→ YOUR ASSIGNMENT: In this exercise, every entry is to be copied exactly.
++++ GIVEN INFORMATION
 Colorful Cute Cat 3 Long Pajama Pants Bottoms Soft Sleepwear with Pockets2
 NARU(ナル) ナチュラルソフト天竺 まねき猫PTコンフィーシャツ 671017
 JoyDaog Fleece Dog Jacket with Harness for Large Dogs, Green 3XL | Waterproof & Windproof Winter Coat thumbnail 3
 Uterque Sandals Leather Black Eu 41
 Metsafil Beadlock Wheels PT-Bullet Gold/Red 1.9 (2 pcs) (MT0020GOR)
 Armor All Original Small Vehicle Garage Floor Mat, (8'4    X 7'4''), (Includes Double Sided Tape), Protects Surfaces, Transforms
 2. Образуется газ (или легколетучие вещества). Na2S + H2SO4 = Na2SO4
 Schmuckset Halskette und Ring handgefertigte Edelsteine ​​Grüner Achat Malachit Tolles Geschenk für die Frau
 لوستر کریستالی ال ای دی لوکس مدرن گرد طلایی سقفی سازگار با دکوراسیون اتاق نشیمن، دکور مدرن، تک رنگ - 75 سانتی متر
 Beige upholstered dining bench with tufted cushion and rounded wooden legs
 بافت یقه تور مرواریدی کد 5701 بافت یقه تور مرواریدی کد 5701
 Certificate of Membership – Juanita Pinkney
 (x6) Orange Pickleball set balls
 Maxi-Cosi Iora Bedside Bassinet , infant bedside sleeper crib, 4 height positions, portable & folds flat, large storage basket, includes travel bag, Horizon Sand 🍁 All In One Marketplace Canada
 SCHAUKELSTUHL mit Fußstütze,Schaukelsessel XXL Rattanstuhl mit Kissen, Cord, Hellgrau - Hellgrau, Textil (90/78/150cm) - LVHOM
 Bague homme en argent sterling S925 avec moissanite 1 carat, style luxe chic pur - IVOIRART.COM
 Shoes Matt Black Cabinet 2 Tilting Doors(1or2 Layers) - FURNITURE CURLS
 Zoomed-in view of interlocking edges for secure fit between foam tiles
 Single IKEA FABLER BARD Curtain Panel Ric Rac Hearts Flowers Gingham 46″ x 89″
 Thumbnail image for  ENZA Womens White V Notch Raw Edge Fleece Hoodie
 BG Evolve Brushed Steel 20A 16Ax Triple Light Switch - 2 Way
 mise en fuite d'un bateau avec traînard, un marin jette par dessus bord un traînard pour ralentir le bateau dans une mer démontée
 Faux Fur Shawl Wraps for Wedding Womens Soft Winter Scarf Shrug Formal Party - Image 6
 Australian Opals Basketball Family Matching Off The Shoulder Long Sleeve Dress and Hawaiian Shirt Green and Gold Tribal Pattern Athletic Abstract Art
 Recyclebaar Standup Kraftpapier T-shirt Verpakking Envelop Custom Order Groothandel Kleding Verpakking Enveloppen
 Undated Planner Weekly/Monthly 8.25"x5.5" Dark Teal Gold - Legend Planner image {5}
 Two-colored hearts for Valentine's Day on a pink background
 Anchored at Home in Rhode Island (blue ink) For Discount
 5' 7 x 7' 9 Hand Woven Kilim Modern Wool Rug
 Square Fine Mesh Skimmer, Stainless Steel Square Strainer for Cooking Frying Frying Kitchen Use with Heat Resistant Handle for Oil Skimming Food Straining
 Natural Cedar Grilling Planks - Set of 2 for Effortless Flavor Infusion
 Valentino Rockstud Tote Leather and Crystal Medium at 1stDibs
++++++++
→ ANSWER BELOW:
 Colorful Cute Cat 3 Long Pajama Pants Bottoms Soft Sleepwear with Pockets2
 NARU(ナル) ナチュラルソフト天竺 まねき猫PTコンフィーシャツ 671017
 JoyDaog Fleece Dog Jacket with Harness for Large Dogs, Green 3XL | Waterproof & Windproof Winter Coat thumbnail 3
 Uterque Sandals Leather Black Eu 41
 Metsafil Beadlock Wheels PT-Bullet Gold/Red 1.9 (2 pcs) (MT0020GOR)
 Armor All Original Small Vehicle Garage Floor Mat, (8'4    X 7'4''), (Includes Double Sided Tape), Protects Surfaces, Transforms
 2. Образуется газ (или легколетучие вещества). Na2S + H2SO4 = Na2SO4
 Schmuckset Halskette und Ring handgefertigte Edelsteine ​​Grüner Achat Malachit Tolles Geschenk für die Frau
 لوستر کریستالی ال ای دی لوکس مدرن گرد طلایی سقفی سازگار با دکوراسیون اتاق نشیمن، دکور مدرن، تک رنگ - 75 سانتی متر
 Beige upholstered dining bench with tufted cushion and rounded wooden legs
 بافت یقه تور مرواریدی کد 5701 بافت یقه تور مرواریدی کد 5701
 Certificate of Membership – Juanita Pinkney
 (x6) Orange Pickleball set balls
 Maxi-Cosi Iora Bedside Bassinet , infant bedside sleeper crib, 4 height positions, portable & folds flat, large storage basket, includes travel bag, Horizon Sand 🍁 All In One Marketplace Canada
 SCHAUKELSTUHL mit Fußstütze,Schaukelsessel XXL Rattanstuhl mit Kissen, Cord, Hellgrau - Hellgrau, Textil (90/78/150cm) - LVHOM
 Bague homme en argent sterling S925 avec moissanite 1 carat, style luxe chic pur - IVOIRART.COM
 Shoes Matt Black Cabinet 2 Tilting Doors(1or2 Layers) - FURNITURE CURLS
 Zoomed-in view of interlocking edges for secure fit between foam tiles
 Single IKEA FABLER BARD Curtain Panel Ric Rac Hearts Flowers Gingham 46″ x 89″
 Thumbnail image for  ENZA Womens White V Notch Raw Edge Fleece Hoodie
 BG Evolve Brushed Steel 20A 16Ax Triple Light Switch - 2 Way
 mise en fuite d'un bateau avec traînard, un marin jette par dessus bord un traînard pour ralentir le bateau dans une mer démontée
 Faux Fur Shawl Wraps for Wedding Womens Soft Winter Scarf Shrug Formal Party - Image 6
 Australian Opals Basketball Family Matching Off The Shoulder Long Sleeve Dress and Hawaiian Shirt Green and Gold Tribal Pattern Athletic Abstract Art
 Recyclebaar Standup Kraftpapier T-shirt Verpakking Envelop Custom Order Groothandel Kleding Verpakking Enveloppen
 Undated Planner Weekly/Monthly 8.25"x5.5" Dark Teal Gold - Legend Planner image {5}
 Two-colored hearts for Valentine's Day on a pink background
 Anchored at Home in Rhode Island (blue ink) For Discount
 5' 7 x 7' 9 Hand Woven Kilim Modern Wool Rug
 Square Fine Mesh Skimmer, Stainless Steel Square Strainer for Cooking Frying Frying Kitchen Use with Heat Resistant Handle for Oil Skimming Food Straining
 Natural Cedar Grilling Planks - Set of 2 for Effortless Flavor Infusion
 Valentino Rockstud Tote Leather and Crystal Medium at 1stDibs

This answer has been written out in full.